An epileptic seizure is a transient symptom of excessive or synchronous neuronal activity in the brain.[1] It can manifest as an alteration in mental state, tonic or clonic movements, convulsions, and various other psychic symptoms (such as déjà vu or jamais vu). The medical syndrome of recurrent, unprovoked seizures is termed epilepsy, but seizures can occur in people who do not have epilepsy.

About 4% of people will have an unprovoked seizure by the age of 80 and yet have only a 30% to 40%[2] or according to another study 50% chance of a second one.[3] Treatment may reduce the chance of a second one by as much as half.[3] Most single episode seizures are managed by primary care physicians (emergency or general practitioners), whereas investigation and management of ongoing epilepsy is usually by neurologists. Difficult to manage epilepsy may require consultation with an epileptologist, a neurologist with an interest in epilepsy.

Classification

Seizure types are organized according to whether the source of the seizure within the brain is localized (partial or focal onset seizures) or distributed (generalized seizures).
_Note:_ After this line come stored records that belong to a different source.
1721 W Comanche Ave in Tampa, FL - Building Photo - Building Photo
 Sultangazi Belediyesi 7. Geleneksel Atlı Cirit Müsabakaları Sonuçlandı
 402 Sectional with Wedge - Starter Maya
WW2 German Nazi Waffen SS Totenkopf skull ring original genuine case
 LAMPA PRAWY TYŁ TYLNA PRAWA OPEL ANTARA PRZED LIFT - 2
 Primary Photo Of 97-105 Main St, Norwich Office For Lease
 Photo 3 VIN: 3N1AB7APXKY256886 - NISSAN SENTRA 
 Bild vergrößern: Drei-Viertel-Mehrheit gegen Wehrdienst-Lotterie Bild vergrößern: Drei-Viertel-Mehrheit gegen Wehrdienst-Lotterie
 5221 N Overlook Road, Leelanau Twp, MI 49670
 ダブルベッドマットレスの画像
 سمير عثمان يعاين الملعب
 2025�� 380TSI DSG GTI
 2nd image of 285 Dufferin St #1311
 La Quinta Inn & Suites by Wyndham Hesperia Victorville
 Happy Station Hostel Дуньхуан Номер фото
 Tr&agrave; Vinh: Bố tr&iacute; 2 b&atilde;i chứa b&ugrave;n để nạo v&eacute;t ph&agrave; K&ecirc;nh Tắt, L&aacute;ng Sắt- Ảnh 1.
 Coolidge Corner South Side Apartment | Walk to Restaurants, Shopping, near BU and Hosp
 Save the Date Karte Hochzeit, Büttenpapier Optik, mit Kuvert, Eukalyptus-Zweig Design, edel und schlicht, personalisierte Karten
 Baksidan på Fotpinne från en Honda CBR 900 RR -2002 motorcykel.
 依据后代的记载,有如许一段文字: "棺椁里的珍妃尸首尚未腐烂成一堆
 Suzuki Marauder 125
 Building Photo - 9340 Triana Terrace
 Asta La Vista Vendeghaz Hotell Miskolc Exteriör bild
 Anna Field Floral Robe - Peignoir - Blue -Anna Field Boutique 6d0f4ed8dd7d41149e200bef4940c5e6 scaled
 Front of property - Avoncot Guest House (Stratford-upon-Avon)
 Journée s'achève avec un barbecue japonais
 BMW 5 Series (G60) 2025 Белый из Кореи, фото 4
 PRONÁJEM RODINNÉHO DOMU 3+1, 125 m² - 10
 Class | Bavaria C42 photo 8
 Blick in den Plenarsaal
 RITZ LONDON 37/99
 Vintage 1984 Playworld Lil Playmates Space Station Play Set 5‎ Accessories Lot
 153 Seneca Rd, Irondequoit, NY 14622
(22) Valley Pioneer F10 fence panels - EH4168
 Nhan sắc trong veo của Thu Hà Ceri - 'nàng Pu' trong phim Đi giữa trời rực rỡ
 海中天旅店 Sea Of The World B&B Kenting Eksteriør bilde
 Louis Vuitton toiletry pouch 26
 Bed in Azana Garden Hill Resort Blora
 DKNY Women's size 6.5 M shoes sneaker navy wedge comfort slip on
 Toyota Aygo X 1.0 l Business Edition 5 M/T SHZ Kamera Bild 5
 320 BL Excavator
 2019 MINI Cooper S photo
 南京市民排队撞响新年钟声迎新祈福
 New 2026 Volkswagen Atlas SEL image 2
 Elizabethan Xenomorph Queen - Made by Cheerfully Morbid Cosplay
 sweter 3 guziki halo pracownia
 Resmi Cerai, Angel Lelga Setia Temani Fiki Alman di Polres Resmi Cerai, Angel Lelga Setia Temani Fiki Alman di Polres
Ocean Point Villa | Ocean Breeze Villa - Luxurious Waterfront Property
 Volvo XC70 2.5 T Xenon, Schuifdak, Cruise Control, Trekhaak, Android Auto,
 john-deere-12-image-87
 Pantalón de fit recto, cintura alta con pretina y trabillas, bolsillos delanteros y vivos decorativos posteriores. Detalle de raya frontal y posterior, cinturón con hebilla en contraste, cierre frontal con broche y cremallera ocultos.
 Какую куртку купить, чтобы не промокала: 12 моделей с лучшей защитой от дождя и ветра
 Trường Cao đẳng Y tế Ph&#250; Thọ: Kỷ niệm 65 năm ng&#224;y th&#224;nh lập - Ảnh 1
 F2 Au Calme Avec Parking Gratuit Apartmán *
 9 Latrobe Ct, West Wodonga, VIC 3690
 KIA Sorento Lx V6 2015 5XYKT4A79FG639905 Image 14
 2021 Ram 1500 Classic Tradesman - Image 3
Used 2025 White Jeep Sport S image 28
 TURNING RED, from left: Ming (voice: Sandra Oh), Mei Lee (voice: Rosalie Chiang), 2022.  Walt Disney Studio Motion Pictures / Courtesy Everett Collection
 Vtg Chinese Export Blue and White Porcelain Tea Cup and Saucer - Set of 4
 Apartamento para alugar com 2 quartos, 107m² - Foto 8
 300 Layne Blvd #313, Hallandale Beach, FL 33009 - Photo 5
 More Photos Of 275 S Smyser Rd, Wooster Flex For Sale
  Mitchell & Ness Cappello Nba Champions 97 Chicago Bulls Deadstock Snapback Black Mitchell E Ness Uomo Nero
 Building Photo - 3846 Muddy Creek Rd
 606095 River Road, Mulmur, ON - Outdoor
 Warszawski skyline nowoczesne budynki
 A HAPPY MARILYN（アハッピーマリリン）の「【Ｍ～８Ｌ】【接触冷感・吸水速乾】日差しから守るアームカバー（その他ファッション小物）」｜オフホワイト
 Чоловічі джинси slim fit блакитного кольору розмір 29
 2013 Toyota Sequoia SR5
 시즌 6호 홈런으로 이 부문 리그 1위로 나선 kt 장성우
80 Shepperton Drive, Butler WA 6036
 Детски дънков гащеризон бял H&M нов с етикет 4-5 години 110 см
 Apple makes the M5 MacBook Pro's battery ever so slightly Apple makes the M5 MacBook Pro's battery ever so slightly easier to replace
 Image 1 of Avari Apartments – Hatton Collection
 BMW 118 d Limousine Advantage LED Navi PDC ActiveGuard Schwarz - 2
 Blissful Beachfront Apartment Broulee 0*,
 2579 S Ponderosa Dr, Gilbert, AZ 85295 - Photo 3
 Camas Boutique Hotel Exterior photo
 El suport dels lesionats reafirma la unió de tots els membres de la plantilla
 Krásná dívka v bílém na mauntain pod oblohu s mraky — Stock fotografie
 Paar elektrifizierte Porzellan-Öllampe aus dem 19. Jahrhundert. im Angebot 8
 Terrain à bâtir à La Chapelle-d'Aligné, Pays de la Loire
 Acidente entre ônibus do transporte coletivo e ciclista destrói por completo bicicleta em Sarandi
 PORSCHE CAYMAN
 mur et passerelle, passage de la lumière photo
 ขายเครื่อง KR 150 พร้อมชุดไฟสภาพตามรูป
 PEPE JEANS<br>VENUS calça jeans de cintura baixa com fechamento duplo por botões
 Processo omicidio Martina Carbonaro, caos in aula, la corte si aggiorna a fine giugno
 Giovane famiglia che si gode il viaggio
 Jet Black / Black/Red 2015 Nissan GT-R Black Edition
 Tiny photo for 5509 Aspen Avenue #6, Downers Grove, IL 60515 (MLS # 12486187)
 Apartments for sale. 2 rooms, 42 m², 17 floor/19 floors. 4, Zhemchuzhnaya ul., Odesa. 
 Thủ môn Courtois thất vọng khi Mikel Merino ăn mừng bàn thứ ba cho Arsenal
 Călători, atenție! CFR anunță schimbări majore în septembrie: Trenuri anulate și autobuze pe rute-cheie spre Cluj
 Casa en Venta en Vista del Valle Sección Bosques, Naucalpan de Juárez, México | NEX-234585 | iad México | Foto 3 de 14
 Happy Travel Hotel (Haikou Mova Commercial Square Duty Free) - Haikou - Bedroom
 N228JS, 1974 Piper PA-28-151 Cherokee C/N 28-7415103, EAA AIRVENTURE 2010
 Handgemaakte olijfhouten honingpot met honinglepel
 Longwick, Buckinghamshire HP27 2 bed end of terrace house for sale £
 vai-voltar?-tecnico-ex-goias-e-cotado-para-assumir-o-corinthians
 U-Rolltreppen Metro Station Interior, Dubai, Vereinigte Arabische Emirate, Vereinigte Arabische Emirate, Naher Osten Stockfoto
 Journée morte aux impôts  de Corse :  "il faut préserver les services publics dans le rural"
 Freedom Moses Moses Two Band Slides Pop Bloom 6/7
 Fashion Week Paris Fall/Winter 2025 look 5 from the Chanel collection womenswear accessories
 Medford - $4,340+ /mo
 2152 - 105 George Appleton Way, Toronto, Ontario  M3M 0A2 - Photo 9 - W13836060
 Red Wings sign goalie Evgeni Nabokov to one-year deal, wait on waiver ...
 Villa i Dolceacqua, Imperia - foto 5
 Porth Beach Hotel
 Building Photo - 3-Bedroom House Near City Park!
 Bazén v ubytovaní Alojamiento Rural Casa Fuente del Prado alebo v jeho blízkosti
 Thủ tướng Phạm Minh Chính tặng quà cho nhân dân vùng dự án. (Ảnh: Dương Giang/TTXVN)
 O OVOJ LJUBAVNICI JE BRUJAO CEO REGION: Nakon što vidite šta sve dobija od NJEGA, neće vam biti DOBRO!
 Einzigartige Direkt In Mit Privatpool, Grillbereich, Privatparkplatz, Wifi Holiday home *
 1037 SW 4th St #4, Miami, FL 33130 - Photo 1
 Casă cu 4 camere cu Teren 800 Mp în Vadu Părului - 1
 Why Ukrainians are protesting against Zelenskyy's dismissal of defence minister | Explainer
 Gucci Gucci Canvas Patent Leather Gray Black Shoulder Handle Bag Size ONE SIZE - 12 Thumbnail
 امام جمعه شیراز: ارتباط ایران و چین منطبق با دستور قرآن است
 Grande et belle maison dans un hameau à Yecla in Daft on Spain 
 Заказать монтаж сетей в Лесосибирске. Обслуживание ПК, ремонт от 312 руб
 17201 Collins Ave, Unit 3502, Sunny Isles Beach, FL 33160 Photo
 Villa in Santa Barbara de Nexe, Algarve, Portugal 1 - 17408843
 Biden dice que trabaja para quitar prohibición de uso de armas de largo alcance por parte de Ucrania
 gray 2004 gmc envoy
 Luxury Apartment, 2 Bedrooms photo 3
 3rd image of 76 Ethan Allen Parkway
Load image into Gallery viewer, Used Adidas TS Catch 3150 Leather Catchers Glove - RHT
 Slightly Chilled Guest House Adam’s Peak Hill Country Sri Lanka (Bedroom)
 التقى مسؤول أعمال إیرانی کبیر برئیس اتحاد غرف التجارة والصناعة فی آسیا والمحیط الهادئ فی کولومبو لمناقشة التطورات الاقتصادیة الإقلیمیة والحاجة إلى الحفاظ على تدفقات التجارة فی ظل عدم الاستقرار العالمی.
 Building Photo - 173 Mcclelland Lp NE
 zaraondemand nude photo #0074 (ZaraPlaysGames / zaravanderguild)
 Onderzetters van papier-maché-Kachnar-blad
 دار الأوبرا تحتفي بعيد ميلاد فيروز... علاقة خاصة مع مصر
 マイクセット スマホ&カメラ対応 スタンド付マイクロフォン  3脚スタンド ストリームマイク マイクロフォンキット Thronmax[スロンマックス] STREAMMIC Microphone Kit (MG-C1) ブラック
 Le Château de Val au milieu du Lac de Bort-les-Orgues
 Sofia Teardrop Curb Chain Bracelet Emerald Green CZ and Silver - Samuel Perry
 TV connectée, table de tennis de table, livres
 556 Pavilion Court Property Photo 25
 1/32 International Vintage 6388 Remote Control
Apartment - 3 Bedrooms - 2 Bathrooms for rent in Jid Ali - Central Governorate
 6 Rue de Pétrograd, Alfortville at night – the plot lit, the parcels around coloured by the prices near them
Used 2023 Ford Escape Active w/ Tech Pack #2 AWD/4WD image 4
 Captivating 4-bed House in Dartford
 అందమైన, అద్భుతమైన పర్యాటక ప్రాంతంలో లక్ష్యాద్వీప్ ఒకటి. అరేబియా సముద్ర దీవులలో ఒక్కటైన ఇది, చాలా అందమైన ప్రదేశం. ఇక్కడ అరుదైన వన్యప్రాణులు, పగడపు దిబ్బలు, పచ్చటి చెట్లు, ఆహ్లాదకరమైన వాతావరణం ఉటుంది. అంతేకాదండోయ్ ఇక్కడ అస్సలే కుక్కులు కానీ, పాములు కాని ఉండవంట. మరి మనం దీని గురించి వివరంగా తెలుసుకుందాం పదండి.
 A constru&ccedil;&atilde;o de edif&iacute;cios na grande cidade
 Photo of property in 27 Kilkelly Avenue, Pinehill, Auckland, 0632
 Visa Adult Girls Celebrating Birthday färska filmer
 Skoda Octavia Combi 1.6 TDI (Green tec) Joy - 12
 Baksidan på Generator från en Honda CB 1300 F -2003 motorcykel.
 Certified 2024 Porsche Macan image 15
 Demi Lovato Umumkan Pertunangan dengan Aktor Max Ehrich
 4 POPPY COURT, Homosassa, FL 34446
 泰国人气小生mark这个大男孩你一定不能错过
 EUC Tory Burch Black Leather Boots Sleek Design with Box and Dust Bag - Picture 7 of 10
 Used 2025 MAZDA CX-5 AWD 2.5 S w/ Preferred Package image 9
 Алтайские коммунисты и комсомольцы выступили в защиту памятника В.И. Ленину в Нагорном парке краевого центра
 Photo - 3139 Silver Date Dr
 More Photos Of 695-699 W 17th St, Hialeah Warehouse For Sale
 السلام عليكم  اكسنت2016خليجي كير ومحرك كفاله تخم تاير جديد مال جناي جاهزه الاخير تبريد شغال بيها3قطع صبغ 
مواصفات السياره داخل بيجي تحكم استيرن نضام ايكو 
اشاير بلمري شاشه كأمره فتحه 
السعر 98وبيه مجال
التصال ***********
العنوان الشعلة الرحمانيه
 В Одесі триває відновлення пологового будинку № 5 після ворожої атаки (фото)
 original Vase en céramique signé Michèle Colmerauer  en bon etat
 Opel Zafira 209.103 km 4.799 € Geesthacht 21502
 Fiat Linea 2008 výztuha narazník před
Partial seizures are further divided on the extent to which consciousness is affected (simple partial seizures and complex partial seizures). If consciousness is unaffected, then it is a simple partial seizure; otherwise it is a complex partial seizure. A partial seizure may spread within the brain—a process known as secondary generalization. Generalized seizures are divided according to the effect on the body, but all involve loss of consciousness. These include absence, myoclonic, clonic, tonic, tonic–clonic, and atonic seizures.

Following standardization proposals published in 1970, out-dated terms such as "petit mal", "grand mal", "Jacksonian", "psychomotor", and "temporal-lobe seizure" have fallen into disuse.

Signs and symptoms

Seizures can cause involuntary changes in body movement or function, sensation, awareness, or behavior. Seizures are often associated with a sudden and involuntary contraction of a group of muscles and loss of consciousness. However, a seizure can also be as subtle as a fleeting numbness of a part of the body, a brief or long term loss of memory, visual changes, sensing/discharging of an unpleasant odor, a strange epigastric sensation, or a sensation of fear and total state of confusion. A seizure can last from a few seconds to status epilepticus, a continuous seizure that will not stop without intervention. Therefore seizures are typically classified as motor, sensory, autonomic, emotional or cognitive. After a seizure, while the brain is recovering, there can be a transient loss of memory; usually the short term memory.[citation needed]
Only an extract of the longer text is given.